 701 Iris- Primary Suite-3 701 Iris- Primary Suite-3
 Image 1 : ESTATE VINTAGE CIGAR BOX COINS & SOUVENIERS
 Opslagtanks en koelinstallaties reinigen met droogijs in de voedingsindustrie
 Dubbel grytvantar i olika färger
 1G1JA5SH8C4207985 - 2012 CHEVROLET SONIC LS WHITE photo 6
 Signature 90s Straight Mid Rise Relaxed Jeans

___

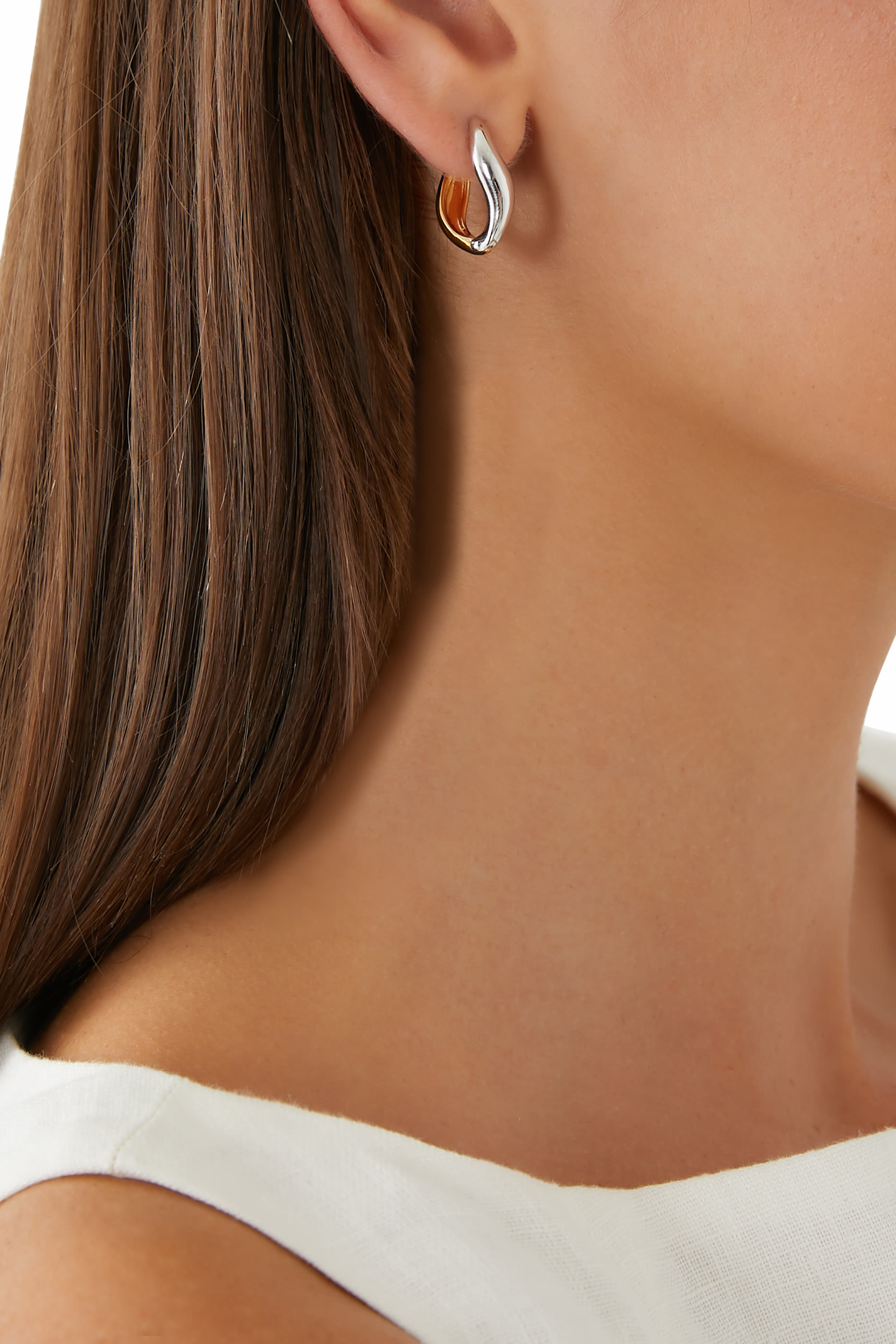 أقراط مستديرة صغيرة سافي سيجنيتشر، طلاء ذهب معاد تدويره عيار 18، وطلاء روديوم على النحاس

___

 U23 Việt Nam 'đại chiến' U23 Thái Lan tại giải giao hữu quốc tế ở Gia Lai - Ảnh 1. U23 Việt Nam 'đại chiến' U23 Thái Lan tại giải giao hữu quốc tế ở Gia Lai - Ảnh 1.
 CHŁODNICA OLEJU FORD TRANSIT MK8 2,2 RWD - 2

___

■ **Your assignment**: Retype the portion of the data above that starts on the line with "1G1JA5SH8C4207985 - 2012" and finishes on the line with "Signature 90s Straight", including both of those lines.

■ **Task solution**:
 1G1JA5SH8C4207985 - 2012 CHEVROLET SONIC LS WHITE photo 6
 Signature 90s Straight Mid Rise Relaxed Jeans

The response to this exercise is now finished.